#### [Exercise requirements]
Please retype the records below exactly, from the first line down to and including the line with "Queen 4 Light Flush Mount With Chrome Finish".
☆ ☆ ☆ ☆
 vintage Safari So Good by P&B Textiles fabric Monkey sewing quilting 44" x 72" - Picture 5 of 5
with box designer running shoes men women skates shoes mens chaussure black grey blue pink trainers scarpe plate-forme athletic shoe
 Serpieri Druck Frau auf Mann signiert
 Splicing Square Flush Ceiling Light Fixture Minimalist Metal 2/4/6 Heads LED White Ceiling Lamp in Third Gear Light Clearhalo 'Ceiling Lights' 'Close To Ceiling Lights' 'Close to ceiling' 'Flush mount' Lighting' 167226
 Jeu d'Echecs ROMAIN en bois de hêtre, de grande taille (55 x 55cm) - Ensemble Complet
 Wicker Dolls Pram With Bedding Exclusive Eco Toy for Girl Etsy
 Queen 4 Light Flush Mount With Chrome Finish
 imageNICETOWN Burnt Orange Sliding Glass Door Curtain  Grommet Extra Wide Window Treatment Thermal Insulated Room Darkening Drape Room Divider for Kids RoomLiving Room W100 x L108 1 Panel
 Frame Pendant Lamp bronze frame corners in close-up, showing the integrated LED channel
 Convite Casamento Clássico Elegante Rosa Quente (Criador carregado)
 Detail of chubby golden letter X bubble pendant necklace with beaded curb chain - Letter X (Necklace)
☆ ☆ ☆ ☆
#### [Answer to the problem]
 vintage Safari So Good by P&B Textiles fabric Monkey sewing quilting 44" x 72" - Picture 5 of 5
with box designer running shoes men women skates shoes mens chaussure black grey blue pink trainers scarpe plate-forme athletic shoe
 Serpieri Druck Frau auf Mann signiert
 Splicing Square Flush Ceiling Light Fixture Minimalist Metal 2/4/6 Heads LED White Ceiling Lamp in Third Gear Light Clearhalo 'Ceiling Lights' 'Close To Ceiling Lights' 'Close to ceiling' 'Flush mount' Lighting' 167226
 Jeu d'Echecs ROMAIN en bois de hêtre, de grande taille (55 x 55cm) - Ensemble Complet
 Wicker Dolls Pram With Bedding Exclusive Eco Toy for Girl Etsy
 Queen 4 Light Flush Mount With Chrome Finish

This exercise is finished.